まず書かれているのは自分たちの事であるという事を確認。そして次に目を引いたのは麗奈の事だ。どうやら彼女は家出中の身で家族が捜索願いを出していたらしい。そんな中で昨日丈二と共に車に乗って出て行く様子が目撃され誘拐されたのではという話になったようだ。
「マズい事になった……」
話が思った以上に飛躍してしまい自分の身がかなり危ない状況になってしまっている。
丈二は慌てて立ち上がり隣のブースにいる麗奈に声をかけた。
「おい、マズいぞ……!!」
周りにバレないように小声で彼女を呼び出し人の少ない本棚の辺りに連れてきた。
「何、どうしたの?」
「俺たちの事がもうニュースになってる、誘拐事件になっちまった……!!」
「うそ、名前は出てる?」
「顔も名前も全部バレてるよ。ってかお前家出中だったんだな、一人暮らしだと思ったから着いてくる事了承したけどよ……」
しばらくウロチョロしながら考える。そして浮かんだ答えは、、
「悪いけどお前ここで降りてくれないか?警察に事情説明してさ、誘拐じゃないって分かったらそこまでの大事件じゃなくなる……」
これしか最善の案は浮かばなかった。しかし麗奈は頑なに拒否をする。
「嫌、私絶対ウチには帰りたくない……!」
「頼むよ、俺もマズいんだ……!ここで捕まって大罪背負わされたら母さんが、、」
そこまで言いかけて静止した。彼女にあまり自分の事は話したくない。いい第一印象を抱いてくれたので中身を知られるのが怖いのだ。
しかしそこで麗奈は自分の事を話す。
「ごめんなさい家出なんてしてませんよみたいな顔して近づいて。

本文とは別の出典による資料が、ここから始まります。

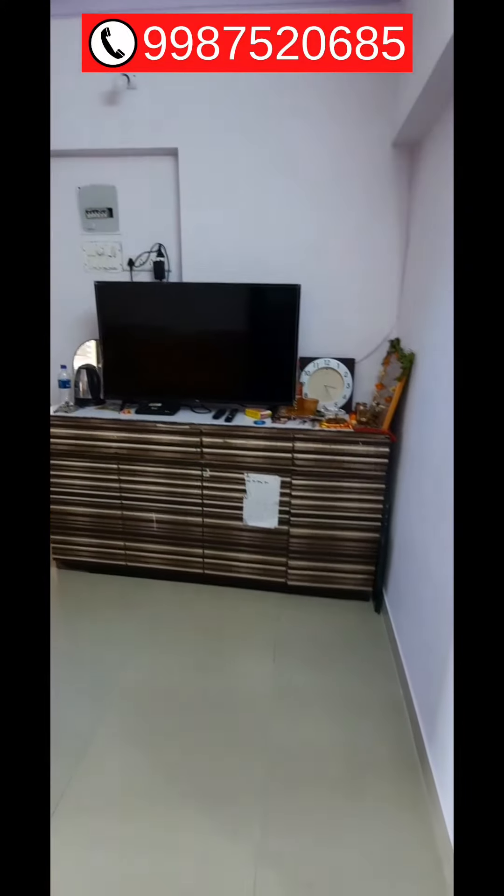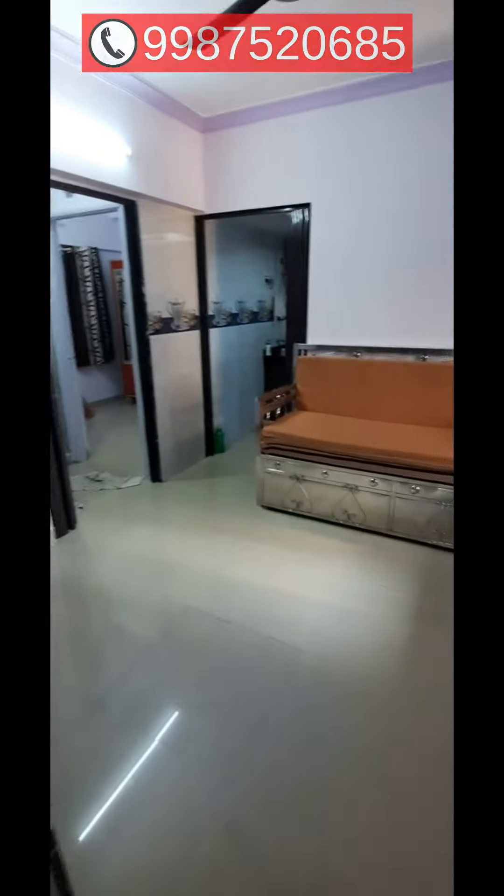This apartment is on the 18th floor in a 22-floor tower, very near to Prabhadevi railway station — just 10 minutes walking from the station. Thank you, bye bye.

騙したみたいになっちゃった……」
「何で急に謝るんだよ……」
「でもお願い連れてって!私もうあの家には帰りたくないの!!」
その目は必死だった。
「いくらお金があっても私のこと縛り付けて何の自由もない生活もう嫌だ……!お兄さんみたいな自由な人と一緒にいたい!どれだけリスキーでも不自由は嫌だ!」
「っ!!」
「お願い、現実から目を背けさせて……」
その言葉で気付く、彼女は自分と同じであるという事。現実から逃げ出している丈二と同じように彼女も現実から逃げ出そうとしているのだ。
「…………っ!」
ダメだ、放っておけなくなってしまった。完全に彼女が自分と重なって見える。
「……分かった、着いて来い」
「うんっ!」
こうして彼らは荷物を纏めネットカフェを後にした。そして車を停めてある駐車場へ向かおうとした際に何度も警察を見かける。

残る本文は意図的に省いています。